Dirgaswara.com — Aliansi Mahasiswa dan Pemuda Anti Korupsi Sumatera Utara (AMPK SU) menggelar aksi unjuk rasa di depan Kantor Kejaksaan Tinggi Sumatera Utara (Kejati Sumut), Selasa (4/8). Massa menuntut penegak hukum mengusut tuntas dugaan penyimpangan pengelolaan dan pengawasan dapur program Makan Bergizi Gratis (MBG) di Kabupaten Labuhanbatu Selatan (Labusel).
Dalam tuntutannya, AMPK SU mendesak Kejati Sumut memanggil dan memeriksa Kepala Koordinator Wilayah (Korwil) Satuan Pelayanan Program Gizi (SPPG) Labuhanbatu Selatan, Adilpan Harahap.

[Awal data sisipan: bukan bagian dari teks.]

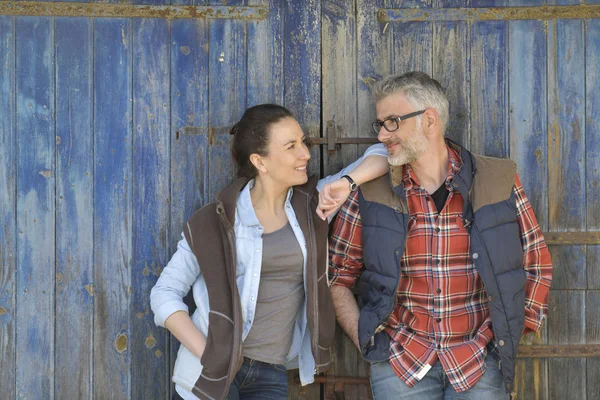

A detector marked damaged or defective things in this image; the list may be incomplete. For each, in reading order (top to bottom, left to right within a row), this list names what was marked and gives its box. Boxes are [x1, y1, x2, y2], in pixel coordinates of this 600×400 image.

rusty metal bracket [0, 1, 268, 20]
rusty metal bracket [382, 5, 600, 23]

Koordinator Aksi Kamaluddin Harahap mengindikasikan adanya keterkaitan antara pengawasan di tingkat pusat hingga daerah, mulai dari Badan Gizi Nasional (BGN), Kepala Regional (Kareg) SPPG Sumut bernama Agung, hingga Korwil SPPG Labusel Adilpan Harahap. Ia meminta penegak hukum memeriksa aliran informasi serta mekanisme kerja para pejabat terkait untuk memastikan ada atau tidaknya pelanggaran hukum.

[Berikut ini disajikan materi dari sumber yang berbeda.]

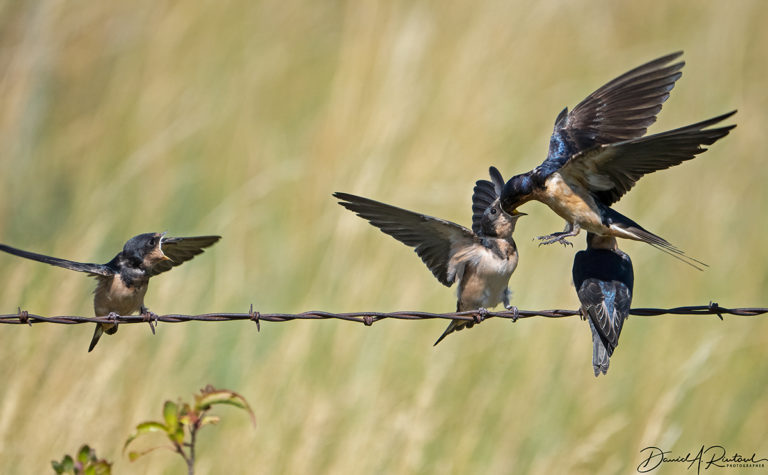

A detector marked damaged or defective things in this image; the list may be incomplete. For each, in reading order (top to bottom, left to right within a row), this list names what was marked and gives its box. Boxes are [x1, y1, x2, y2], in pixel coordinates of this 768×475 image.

rusty barbed wire strand [1, 304, 768, 330]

“Kami menilai ada dugaan keterkaitan yang perlu ditelusuri secara serius oleh aparat penegak hukum. Ini harus segera diperiksa agar tidak menimbulkan spekulasi di tengah masyarakat,” kata Kamaluddin saat beraudiensi dengan perwakilan Seksi Intelijen Kejati Sumut.
AMPK SU mendesak kejaksaan melakukan pendalaman secara menyeluruh demi menjamin transparansi serta akuntabilitas pelaksanaan program SPPG di Sumatera Utara.
Selain itu, massa menyoroti mekanisme penunjukan mitra serta pengawasan BGN di lapangan. AMPK SU mengklaim menemukan sejumlah unit dapur gizi di Labuhanbatu Selatan tetap beroperasi meski tidak memiliki Sertifikat Laik Higiene Sanitasi (SLHS) dan Instalasi Pengolahan Air Limbah (IPAL) sesuai Standar Operasional Prosedur (SOP).
Tak hanya masalah kelayakan operasional, AMPK SU juga mengungkap adanya dugaan praktik penerimaan gratifikasi atau uang pelicin oleh oknum Korwil SPPG Labusel. Berdasarkan informasi dari sumber yang tak ingin disebutkan namanya, oknum tersebut diduga menerima setoran keamanan setiap kali melakukan inspeksi ke lokasi dapur gizi.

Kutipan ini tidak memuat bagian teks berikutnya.